◆ Records shown ◆

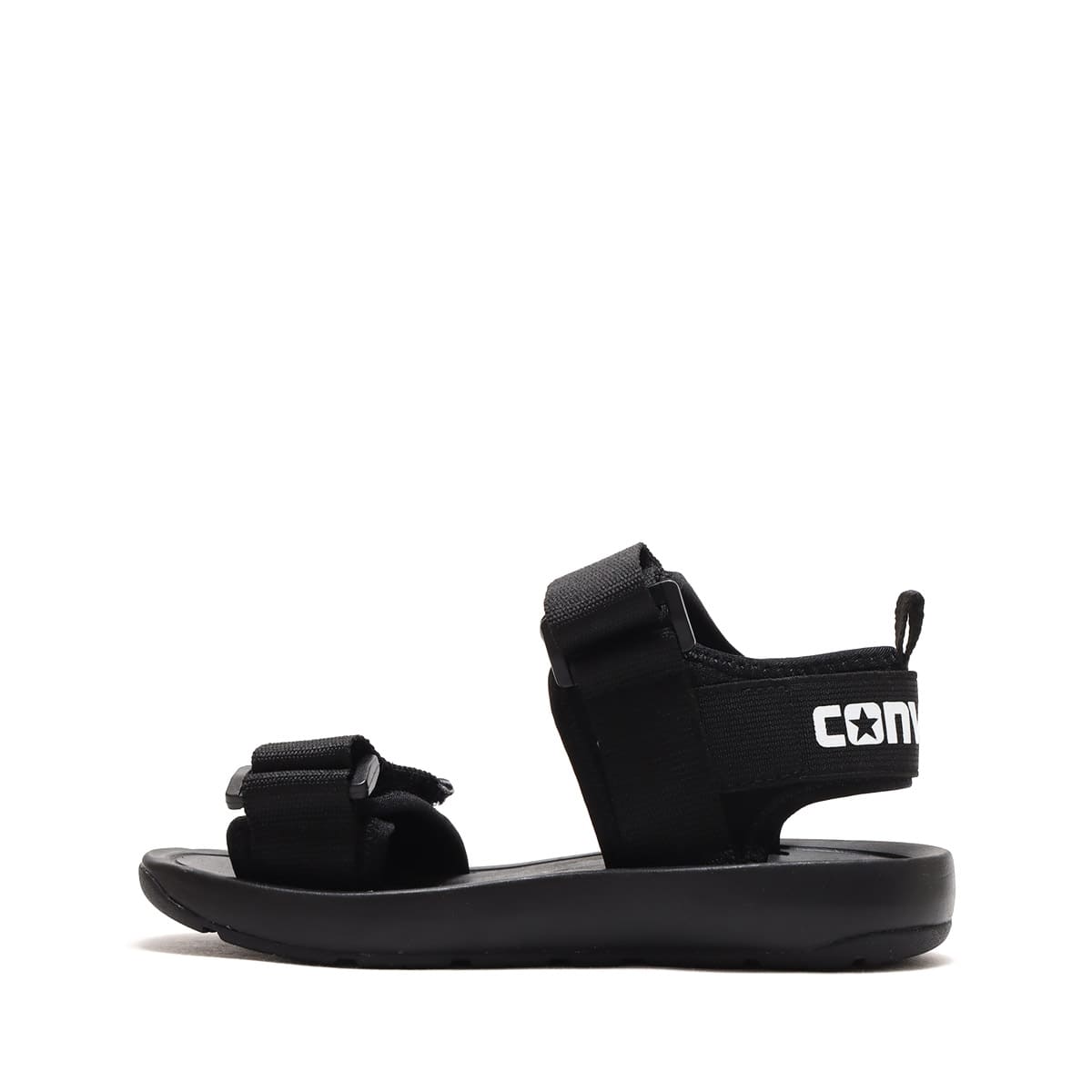 CONVERSE KID'S LOGOSTRAP SANDAL BLACK 22SS-Iの画像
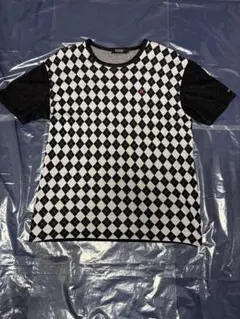 お盆限定価格　Burberry Black Label　アーガイル 半袖Tシャツ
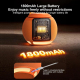 Enceinte Bluetooth Avec Chargeur Sans Fil 15 W Pour Téléphone Montre Et Écouteurs Son HiFi Orange - www.yonis-shop.com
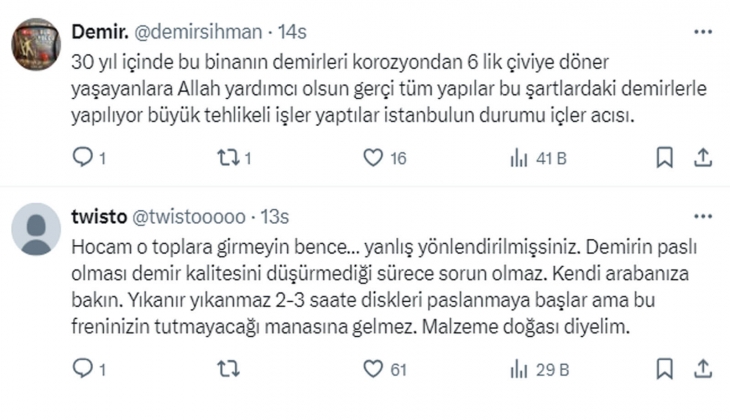 Emlak Konut GYO - THY Yenişehir Evleri nin inşaatında flaş iddia: Konutlar paslı demirlerle yapılıyor!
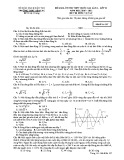Đề KSCL ôn thi THPT Quốc gia lần 3 môn Vật lý lớp 12 năm 2017 - THPT Yên Lạc - Mã đề 357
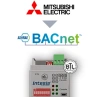 Intesis INBACMIT001I000  Mitsubishi Electric Domestic, Mr.Slim and City Multi to BACnet IP/MSTP Interface - 1 unit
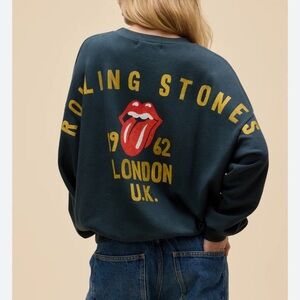 Daydreamer Cozy Black Rolling Stones concert Sweatshirt size Small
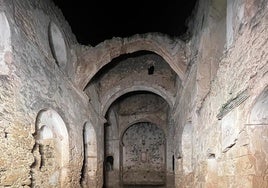 El interior del Convento de Nuestra Señora de la Consolación de las Algaidas.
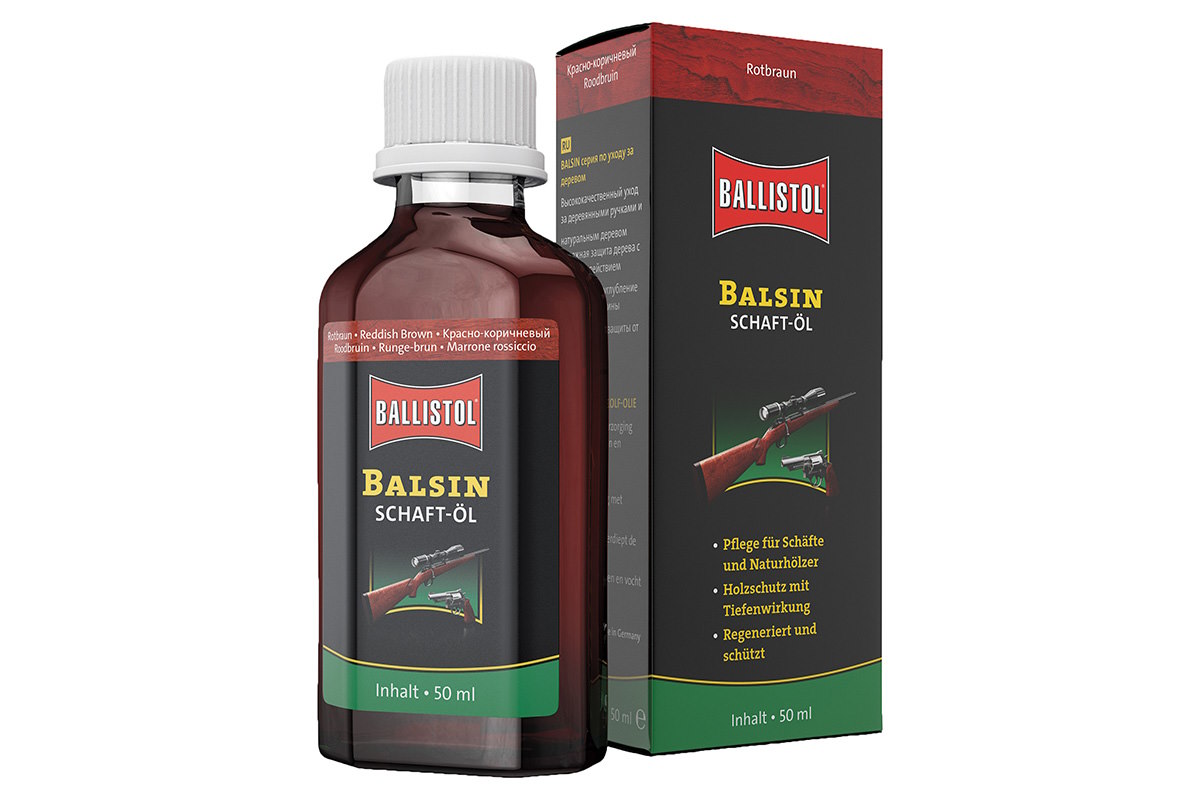 Средство Ballistol Balsin Schaftol для обработки дерева (красно-бурый) 50мл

◆ Exercise requirements ◆
Nothing but the pictures is to be left out; the rest of the listing should be copied exactly.

◆ Answer below ◆
 CONVERSE KID'S LOGOSTRAP SANDAL BLACK 22SS-Iの画像
 お盆限定価格　Burberry Black Label　アーガイル 半袖Tシャツ
 Enceinte Bluetooth Avec Chargeur Sans Fil 15 W Pour Téléphone Montre Et Écouteurs Son HiFi Orange - www.yonis-shop.com
 Emlak Konut GYO - THY Yenişehir Evleri nin inşaatında flaş iddia: Konutlar paslı demirlerle yapılıyor!
Đề KSCL ôn thi THPT Quốc gia lần 3 môn Vật lý lớp 12 năm 2017 - THPT Yên Lạc - Mã đề 357
 Intesis INBACMIT001I000  Mitsubishi Electric Domestic, Mr.Slim and City Multi to BACnet IP/MSTP Interface - 1 unit
 Daydreamer Cozy Black Rolling Stones concert Sweatshirt size Small
 El interior del Convento de Nuestra Señora de la Consolación de las Algaidas.
 Средство Ballistol Balsin Schaftol для обработки дерева (красно-бурый) 50мл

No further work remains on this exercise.